Entries taken from a collection:

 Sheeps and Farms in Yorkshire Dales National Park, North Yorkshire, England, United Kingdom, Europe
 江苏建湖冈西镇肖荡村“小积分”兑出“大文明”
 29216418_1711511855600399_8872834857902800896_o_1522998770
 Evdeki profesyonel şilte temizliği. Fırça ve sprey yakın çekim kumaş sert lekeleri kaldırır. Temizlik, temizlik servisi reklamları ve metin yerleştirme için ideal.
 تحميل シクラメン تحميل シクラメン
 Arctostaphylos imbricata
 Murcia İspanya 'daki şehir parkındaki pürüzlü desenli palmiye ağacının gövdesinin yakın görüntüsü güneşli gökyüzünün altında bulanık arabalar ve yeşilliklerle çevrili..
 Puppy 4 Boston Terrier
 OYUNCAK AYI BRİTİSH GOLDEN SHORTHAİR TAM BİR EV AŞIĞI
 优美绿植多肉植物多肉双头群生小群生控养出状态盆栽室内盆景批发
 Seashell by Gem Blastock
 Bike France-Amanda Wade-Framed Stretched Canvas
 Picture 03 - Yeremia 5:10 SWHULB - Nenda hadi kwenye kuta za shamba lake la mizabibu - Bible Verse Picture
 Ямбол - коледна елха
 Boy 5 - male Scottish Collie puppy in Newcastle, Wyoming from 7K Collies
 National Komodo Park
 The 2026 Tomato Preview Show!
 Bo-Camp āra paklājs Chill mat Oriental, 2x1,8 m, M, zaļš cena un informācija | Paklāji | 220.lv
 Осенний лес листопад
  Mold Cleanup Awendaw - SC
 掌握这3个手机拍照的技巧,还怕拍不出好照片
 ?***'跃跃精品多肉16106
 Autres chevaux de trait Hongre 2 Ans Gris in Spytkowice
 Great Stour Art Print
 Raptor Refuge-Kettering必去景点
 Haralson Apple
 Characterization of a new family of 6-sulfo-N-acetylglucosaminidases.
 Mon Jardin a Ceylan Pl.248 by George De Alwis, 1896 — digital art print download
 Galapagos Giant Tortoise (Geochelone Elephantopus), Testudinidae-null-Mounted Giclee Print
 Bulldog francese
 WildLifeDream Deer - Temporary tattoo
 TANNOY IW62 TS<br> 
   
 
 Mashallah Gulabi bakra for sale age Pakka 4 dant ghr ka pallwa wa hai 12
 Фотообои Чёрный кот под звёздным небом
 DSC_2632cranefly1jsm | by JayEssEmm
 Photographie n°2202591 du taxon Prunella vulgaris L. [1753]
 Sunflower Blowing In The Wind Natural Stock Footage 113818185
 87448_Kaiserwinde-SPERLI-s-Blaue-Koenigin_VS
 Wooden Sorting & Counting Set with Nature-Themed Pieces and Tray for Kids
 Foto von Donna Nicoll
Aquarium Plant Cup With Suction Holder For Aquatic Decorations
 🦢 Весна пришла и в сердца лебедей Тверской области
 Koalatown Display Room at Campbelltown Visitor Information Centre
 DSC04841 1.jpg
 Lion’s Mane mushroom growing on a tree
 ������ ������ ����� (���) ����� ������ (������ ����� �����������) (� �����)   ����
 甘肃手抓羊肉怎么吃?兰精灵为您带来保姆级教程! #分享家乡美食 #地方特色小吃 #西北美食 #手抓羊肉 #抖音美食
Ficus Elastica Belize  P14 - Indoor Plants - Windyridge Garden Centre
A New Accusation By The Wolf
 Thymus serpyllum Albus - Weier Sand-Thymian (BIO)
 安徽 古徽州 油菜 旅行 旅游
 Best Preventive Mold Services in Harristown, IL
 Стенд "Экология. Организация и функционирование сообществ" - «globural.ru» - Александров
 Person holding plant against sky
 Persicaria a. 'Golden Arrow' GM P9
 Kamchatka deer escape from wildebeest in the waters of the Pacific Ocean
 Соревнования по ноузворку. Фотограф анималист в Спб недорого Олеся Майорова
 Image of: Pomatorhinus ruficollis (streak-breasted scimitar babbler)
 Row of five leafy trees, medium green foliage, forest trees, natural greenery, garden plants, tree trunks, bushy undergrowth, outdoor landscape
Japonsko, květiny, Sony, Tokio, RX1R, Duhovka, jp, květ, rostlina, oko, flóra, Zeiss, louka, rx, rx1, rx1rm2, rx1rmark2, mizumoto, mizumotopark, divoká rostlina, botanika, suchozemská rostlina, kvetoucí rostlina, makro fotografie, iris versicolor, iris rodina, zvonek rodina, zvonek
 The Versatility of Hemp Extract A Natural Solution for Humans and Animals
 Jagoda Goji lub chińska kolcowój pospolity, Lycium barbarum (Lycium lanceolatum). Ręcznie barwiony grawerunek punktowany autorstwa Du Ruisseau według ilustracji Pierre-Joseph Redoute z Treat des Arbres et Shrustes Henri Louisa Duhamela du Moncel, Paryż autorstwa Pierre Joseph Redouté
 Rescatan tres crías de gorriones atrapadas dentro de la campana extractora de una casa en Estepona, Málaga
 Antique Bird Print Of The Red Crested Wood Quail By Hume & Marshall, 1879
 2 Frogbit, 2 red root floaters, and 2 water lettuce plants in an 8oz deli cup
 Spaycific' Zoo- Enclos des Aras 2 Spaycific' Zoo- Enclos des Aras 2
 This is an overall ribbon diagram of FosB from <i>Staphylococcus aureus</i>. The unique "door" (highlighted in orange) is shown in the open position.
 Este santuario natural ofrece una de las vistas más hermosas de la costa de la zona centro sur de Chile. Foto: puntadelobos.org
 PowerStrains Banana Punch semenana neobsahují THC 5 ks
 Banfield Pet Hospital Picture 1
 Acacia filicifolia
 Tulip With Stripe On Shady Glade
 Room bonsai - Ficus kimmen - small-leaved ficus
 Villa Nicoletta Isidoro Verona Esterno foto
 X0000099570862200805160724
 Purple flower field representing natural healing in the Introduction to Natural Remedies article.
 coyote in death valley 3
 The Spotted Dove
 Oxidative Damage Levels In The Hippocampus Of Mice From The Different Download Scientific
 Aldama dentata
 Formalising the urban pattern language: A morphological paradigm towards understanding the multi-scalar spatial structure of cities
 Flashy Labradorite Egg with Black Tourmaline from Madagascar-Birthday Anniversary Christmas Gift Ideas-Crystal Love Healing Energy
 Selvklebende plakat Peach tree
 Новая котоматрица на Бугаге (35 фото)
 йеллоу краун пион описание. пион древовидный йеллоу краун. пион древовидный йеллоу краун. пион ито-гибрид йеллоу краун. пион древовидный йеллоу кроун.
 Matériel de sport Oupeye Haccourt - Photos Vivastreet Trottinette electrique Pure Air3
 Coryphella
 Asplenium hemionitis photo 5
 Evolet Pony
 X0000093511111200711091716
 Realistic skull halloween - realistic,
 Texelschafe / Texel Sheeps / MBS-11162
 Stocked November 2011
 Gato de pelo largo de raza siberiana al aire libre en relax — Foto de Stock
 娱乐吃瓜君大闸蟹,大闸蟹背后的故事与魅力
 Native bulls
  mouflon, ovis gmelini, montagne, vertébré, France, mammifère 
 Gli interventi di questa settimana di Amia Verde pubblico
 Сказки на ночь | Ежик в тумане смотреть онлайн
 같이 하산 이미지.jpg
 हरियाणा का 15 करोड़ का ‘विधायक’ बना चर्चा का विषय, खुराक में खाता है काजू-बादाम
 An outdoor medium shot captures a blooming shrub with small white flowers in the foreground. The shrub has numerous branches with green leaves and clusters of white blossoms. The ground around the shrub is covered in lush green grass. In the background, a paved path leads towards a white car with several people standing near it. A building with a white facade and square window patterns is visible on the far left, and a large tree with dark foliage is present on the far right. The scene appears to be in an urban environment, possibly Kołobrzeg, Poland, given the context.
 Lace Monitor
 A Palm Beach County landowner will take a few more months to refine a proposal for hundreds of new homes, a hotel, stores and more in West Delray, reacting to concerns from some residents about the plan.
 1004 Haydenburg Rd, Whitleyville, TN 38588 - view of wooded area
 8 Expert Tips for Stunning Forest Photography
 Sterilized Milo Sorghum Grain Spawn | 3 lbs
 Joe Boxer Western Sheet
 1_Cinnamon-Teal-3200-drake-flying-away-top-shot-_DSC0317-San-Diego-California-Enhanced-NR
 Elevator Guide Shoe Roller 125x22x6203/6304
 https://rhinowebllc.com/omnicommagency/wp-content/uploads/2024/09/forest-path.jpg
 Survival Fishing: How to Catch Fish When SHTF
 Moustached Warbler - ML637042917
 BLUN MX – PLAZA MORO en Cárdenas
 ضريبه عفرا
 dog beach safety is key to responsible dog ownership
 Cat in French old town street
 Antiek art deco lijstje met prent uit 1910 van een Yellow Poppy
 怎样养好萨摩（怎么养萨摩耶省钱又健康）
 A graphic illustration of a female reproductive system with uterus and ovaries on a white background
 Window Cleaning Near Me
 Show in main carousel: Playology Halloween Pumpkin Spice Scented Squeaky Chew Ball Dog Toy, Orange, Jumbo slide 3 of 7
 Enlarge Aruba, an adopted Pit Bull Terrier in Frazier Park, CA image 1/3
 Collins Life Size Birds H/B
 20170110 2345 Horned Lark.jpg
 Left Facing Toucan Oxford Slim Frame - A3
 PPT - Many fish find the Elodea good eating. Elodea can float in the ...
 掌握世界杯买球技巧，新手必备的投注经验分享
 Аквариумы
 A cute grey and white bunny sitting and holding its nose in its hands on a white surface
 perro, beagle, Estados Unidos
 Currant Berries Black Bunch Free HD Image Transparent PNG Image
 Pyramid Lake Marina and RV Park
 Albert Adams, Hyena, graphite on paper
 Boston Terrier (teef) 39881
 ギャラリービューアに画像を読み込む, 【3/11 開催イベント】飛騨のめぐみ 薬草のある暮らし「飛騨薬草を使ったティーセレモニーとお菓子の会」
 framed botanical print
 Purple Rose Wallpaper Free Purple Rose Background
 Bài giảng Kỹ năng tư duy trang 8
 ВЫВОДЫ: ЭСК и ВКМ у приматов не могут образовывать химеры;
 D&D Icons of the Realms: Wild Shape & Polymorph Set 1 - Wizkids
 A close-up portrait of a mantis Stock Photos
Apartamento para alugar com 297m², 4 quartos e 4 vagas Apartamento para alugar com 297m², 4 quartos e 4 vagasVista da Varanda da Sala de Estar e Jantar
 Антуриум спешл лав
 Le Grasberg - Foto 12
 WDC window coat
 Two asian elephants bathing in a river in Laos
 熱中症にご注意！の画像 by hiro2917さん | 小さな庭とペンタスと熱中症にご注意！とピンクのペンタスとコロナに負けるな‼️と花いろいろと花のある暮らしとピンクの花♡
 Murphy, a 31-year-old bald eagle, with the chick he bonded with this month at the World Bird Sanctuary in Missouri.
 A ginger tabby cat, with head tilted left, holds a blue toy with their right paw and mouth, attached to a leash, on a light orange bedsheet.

**TASK REQUIREMENTS**
Whenever "Ficus" occurs in a line above, copy that line.

**RESULT**
Ficus Elastica Belize  P14 - Indoor Plants - Windyridge Garden Centre
 Room bonsai - Ficus kimmen - small-leaved ficus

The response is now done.